Question de M. Jean-Jacques Mirassou (Haute-Garonne - SOC) publiée le 02/04/2009
M. Jean-Jacques Mirassou attire l'attention de Mme la ministre de l'économie, de l'industrie et de l'emploi sur la fermeture « programmée » du site de Molex situé à Villemur sur Tarn, prévue pour le mois de juin 2009.
Molex représente 1,2 millions d'euros de bénéfices en 2008 (le double de 2007). Cette entreprise est le deuxième fournisseur de PSA (classement effectué par PSA lui-même) et arrive première en termes de qualité en Europe. Sa fermeture "programmée" signifie le licenciement de 300 salariés, dotés de savoir-faire très spécialisés, et d'une moyenne d'âge de 46 ans. Ainsi, 300 familles de Villemur et des environs sont susceptibles de voir leur destin basculer au son de ces seuls mots, émanant de la direction: « nous anticipons des pertes éventuelles ». Or nombreux sont ceux aujourd'hui qui se demandent si l'on peut tolérer que le destin d'une population soit gouverné par ces éventualités... . En effet, la direction de Molex n'est pas en mesure de justifier économiquement son choix. Il n'existe jusqu'alors aucune pièce comptable, permettant d'établir que la situation de l'entreprise, au moment de la décision de délocalisation, justifiait le choix de fermeture du site de Villemur.
Le 12 novembre 2008, le porte-parole du Gouvernement déclarait que l'attitude de l'État serait fonction des résultats des investigations menées par le cabinet mandaté par le comité d'entreprise. Il n'est pas admissible, en pleine crise financière, que 300 salariés soient maintenus dans l'ignorance des motifs de leur licenciement. La direction, par une décision du TGI de Paris en date du 5 février 2009, a été condamnée à fournir au cabinet Syndex, les documents qui auraient justifié la fermeture du site.
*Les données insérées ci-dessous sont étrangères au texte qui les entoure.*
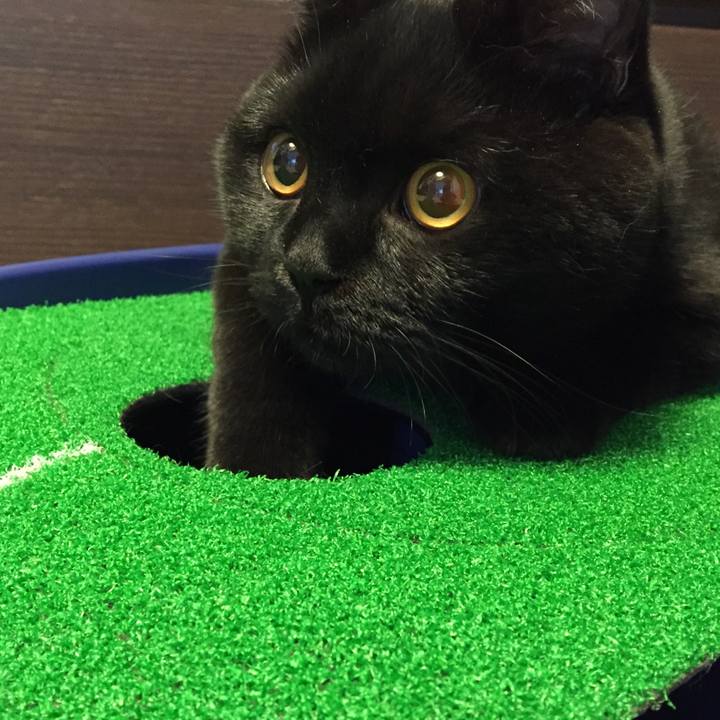 A7e12930 f84d 4d7c 8a1d 77dc0bfb96a3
Or jusqu'à ce jour, elle persiste dans son refus de transmettre au cabinet d'expertise, mandaté par le comité d'entreprise, les données comptables ayant servi de support à la décision de fermeture de l'usine, et ceci en s'abritant derrière le droit américain. L'arbitrage de l'État est sollicité pour tenter de sortir de cette situation de blocage intolérable dans le dossier Molex.
Sa question est simple : dans une période où l'État découvre enfin la nécessité d'une forme d'éthique appliquée au capitalisme, que compte-t-elle faire, dans le cas de Molex, pour permettre le respect de droits fondamentaux, le droit du travail français, et plus simplement celui des salariés, à connaître les véritables raisons de la sanction qui les menace ?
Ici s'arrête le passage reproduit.